● **Information supplied**:
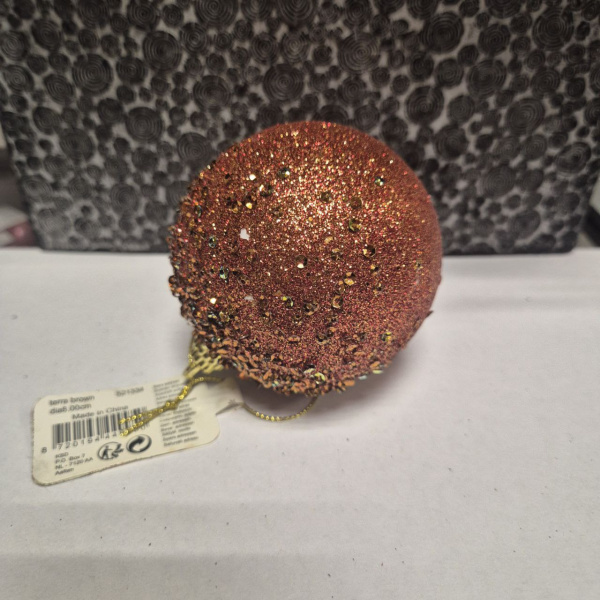 Фигура новогодняя ШАР, пластик, д.8 см, терракотовый, арт. 521334 (только самовывоз)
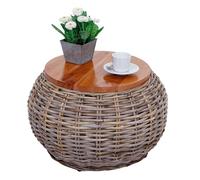 Mendler Table d'appoint HWC-M30 Ronde 33x49x49cm, Kubu rotin Naturel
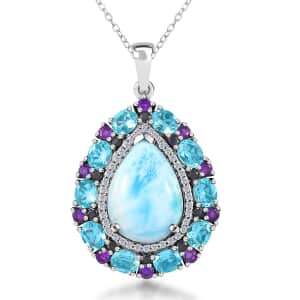 Larimar and Multi Gemstone Cocktail Pendant Necklace 20 Inches in Platinum Over Sterling Silver 17.50 ctw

● **What the task asks**: Would you restate word for word only the lines from the one containing "Mendler Table d'appoint" to the final line of the material, both ends included, without any pictures?

● **Solution to the problem**:
 Mendler Table d'appoint HWC-M30 Ronde 33x49x49cm, Kubu rotin Naturel
 Larimar and Multi Gemstone Cocktail Pendant Necklace 20 Inches in Platinum Over Sterling Silver 17.50 ctw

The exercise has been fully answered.